O valor na era dos intangíveis
Desafio é financiar crescimento baseado em ativos como marcas, pesquisas e patentes
Luiz Paulo Silveira

Luiz Paulo Silveira* / Ilustração: Julia Padula

Os bens tangíveis formaram a espinha dorsal das três primeiras revoluções industriais. Máquinas pesadas operadas por trabalhadores passaram a transformar commodities, produzindo em grande escala roupas, automóveis, gasolina, telefones, aço, televisores, rádios e aviões, entre milhares de outros itens. Não à toa, as empresas mais valiosas desse período na bolsa de valores americana eram as grandes fabricantes e as maiores exploradoras de commodities — companhias como Ford, Exxon, General Motors, General Electric e U.S. Steel, para citar apenas algumas.

Mas esse cenário mudou nos últimos anos. Estamos em plena era do conhecimento e da inovação, na aurora da quarta revolução industrial, época em que ativos intangíveispropriedade intelectual, marcas, pesquisas e patentes — passaram a serem percebidos pelos investidores como mais importantes do que grandes fábricas, instalações ou jazidas de minério. Vale lembrar que, até há algum tempo, os valores de determinados ativos intangíveis de uma empresa não eram levados em conta em uma análise de valor de mercado. Havia uma grande dificuldade na aferição desses elementos de caráter subjetivo.

O relatório Intangible Asset Market Value Study (IAMVS) apresenta a composição dos ativos das empresas no mercado americano dentro do índice Standard & Poor’s 500. O estudo mostra que em 1975 cerca de 83% do valor das empresas era composto de ativos tangíveis, enquanto os intangíveis representavam apenas 17%. Já em janeiro de 2015, essa proporção se inverteu, com cerca de 84% do valor das empresas do índice atribuído aos intangíveis, restando 16% para os demais ativos. Essa variação evidencia a importância crescente dos intangíveis para a economia americana. A Apple, a maior empresa do mundo em valor de mercado, tem 82% do seu valor alocado em ativos intangíveis. Mais empresas que ficam entre as dez mais valiosas apresentam percentuais semelhantes, como Google (também 82%), Microsoft (95%), Amazon (98%) e Facebook (89%).

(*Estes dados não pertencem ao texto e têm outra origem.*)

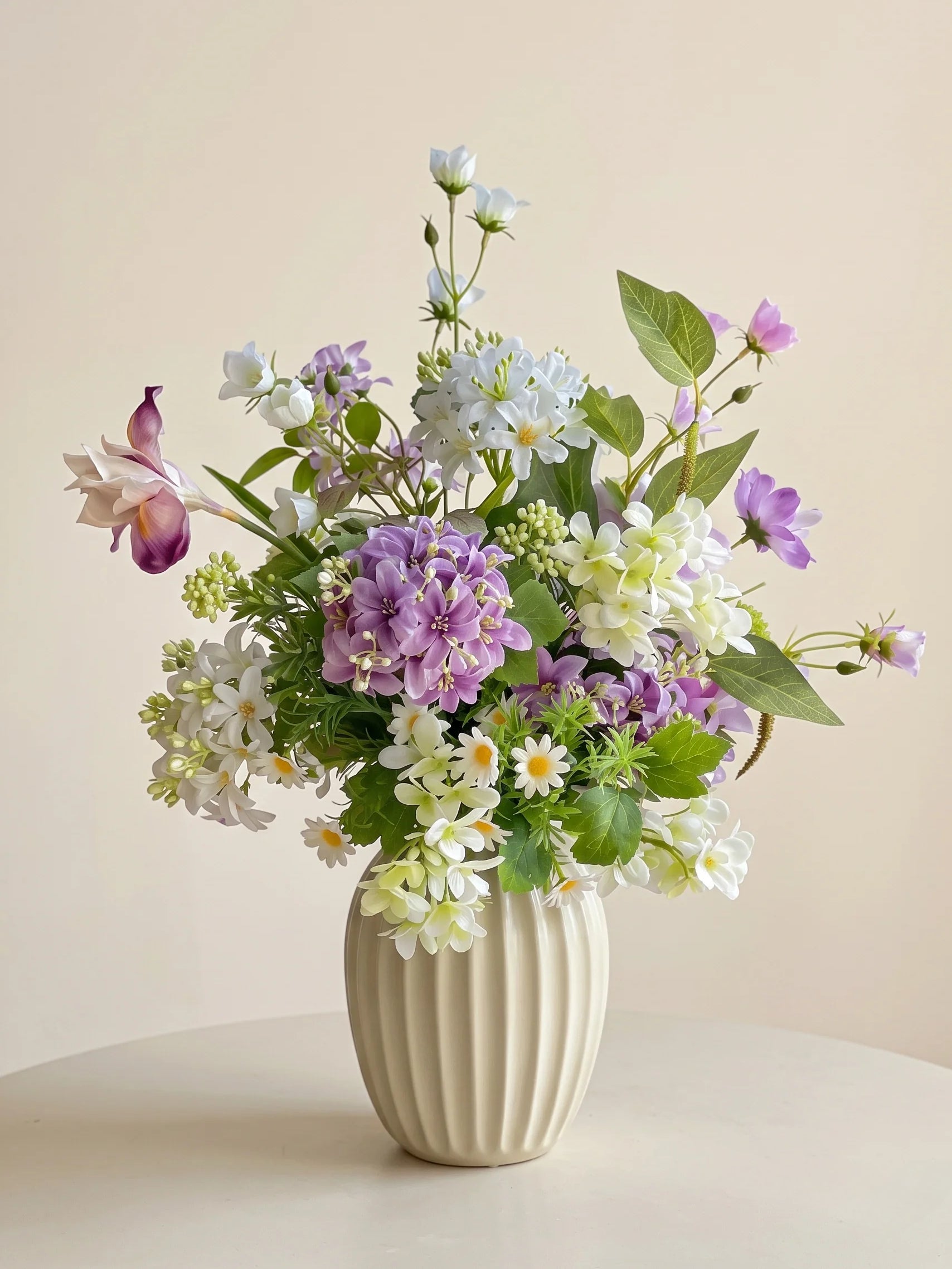Romantic Purple and White Meadow Artificial Floral Arrangement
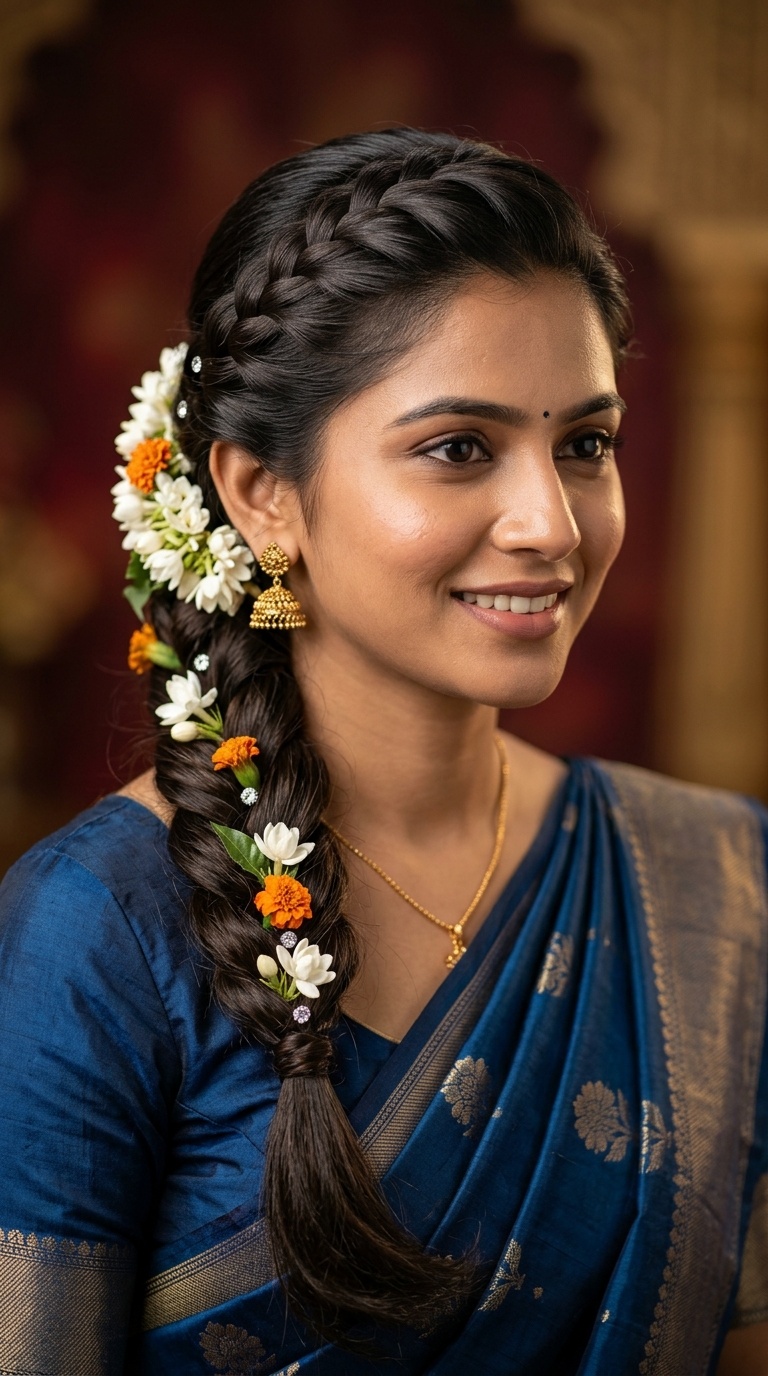 French Braid with a Floral Twist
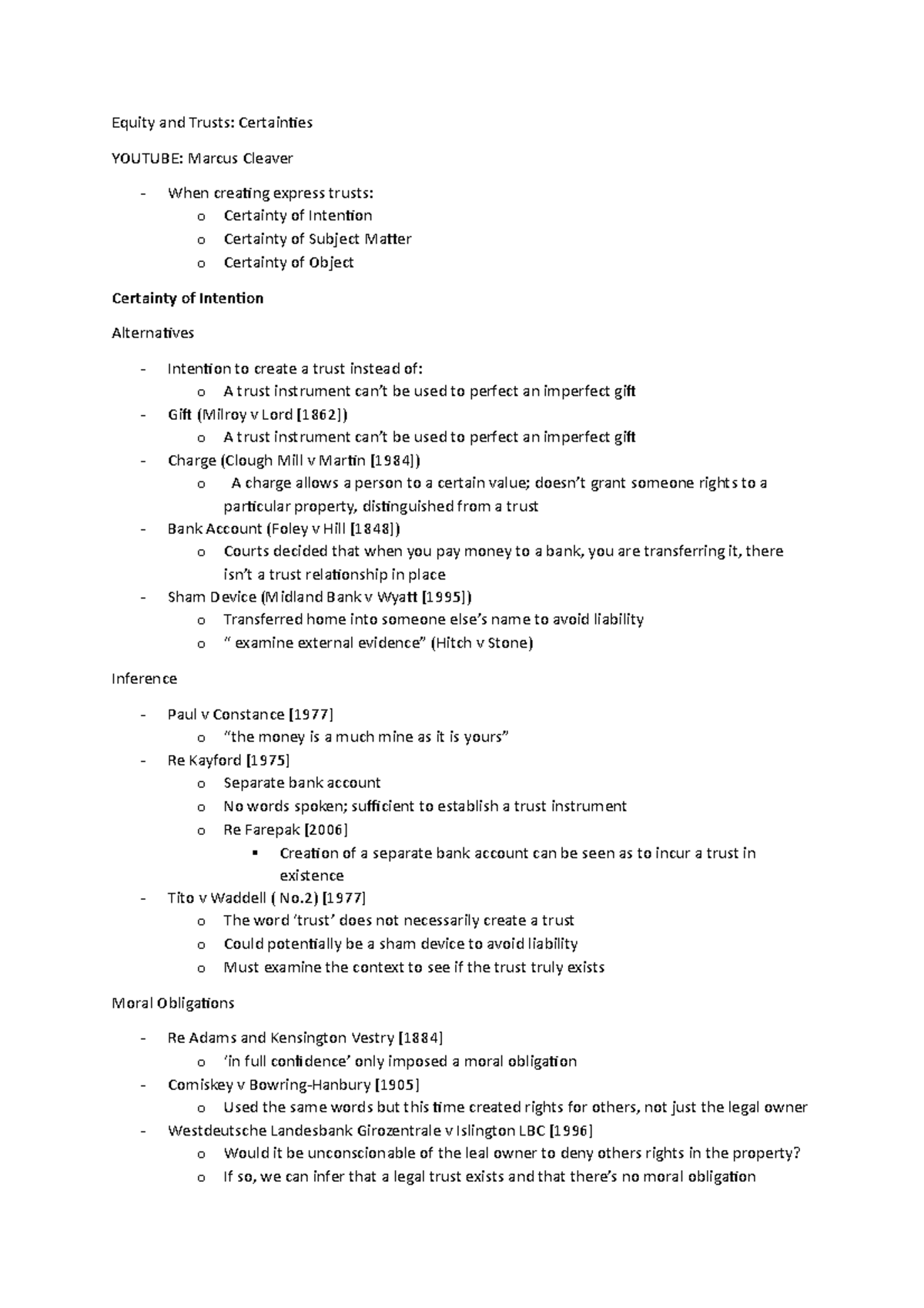 Equity and Trusts certainties notes-1 - Equity and Trusts: Certainties ...
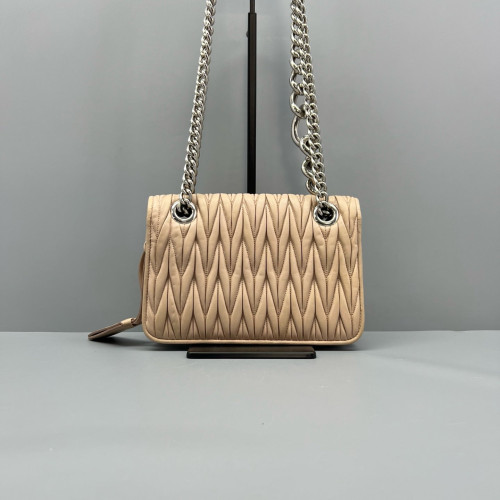 Miu Miu Shoulder Bag Crumpled Lambskin Natural Tan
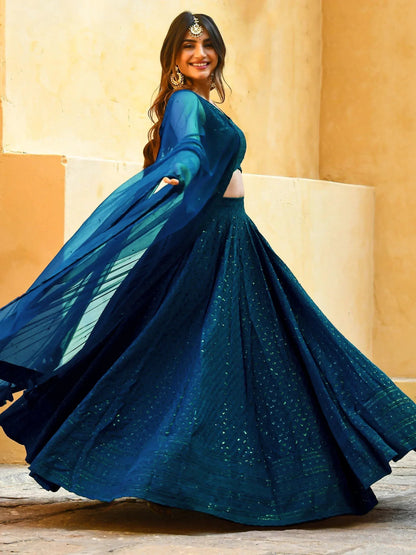 Tulsi Art Beautiful Teal Blue Thread Embroidered Wedding Lehenga Choli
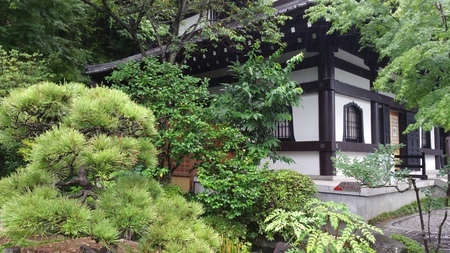 Greenery Japanese garden and the white templeの写真素材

O capital intangível nas cadeias de valor vai gradualmente decidir o destino e a riqueza de uma empresa e sua possibilidade de sucesso.

Outro relatório, da Organização Mundial de Propriedade Intelectual (OMPI), mostrou que o capital intangível representa hoje cerca de 30% do valor de produtos manufaturados globais, o equivalente a 5,9 trilhões de dólares. Segundo a entidade, o capital intangível nas cadeias de valor vai gradualmente decidir o destino e a riqueza de uma empresa e sua possibilidade de sucesso.

 

 

Como podemos constatar, o que se vê não é necessariamente o que tem mais valor. Mas existe uma questão em torno da forma como esses novos tipos de ativos invisíveis estão sendo financiados. O capital intangível é de difícil financiamento no mercado, dada a sua baixa capacidade de reprodução, não-exclusividade e reduzida liquidez. Criou-se, então, uma forma alternativa e criativa para se financiar o que não se vê: o financiamento por meio de contratos de trabalho. Os investidores americanos logo perceberam que nada mais lógico do que usar o fluxo de caixa dos salários dos inovadores de suas empresas, utilizando como meios os contratos de trabalho (retenção de parte do salário), contratos de pagamento futuro (desembolso do salário retido, bonificações, stock options etc), contratos de garantia (a propriedade intelectual do intangível em desenvolvimento) e indicadores de desempenho atrelados ao ativo intangível em desenvolvimento.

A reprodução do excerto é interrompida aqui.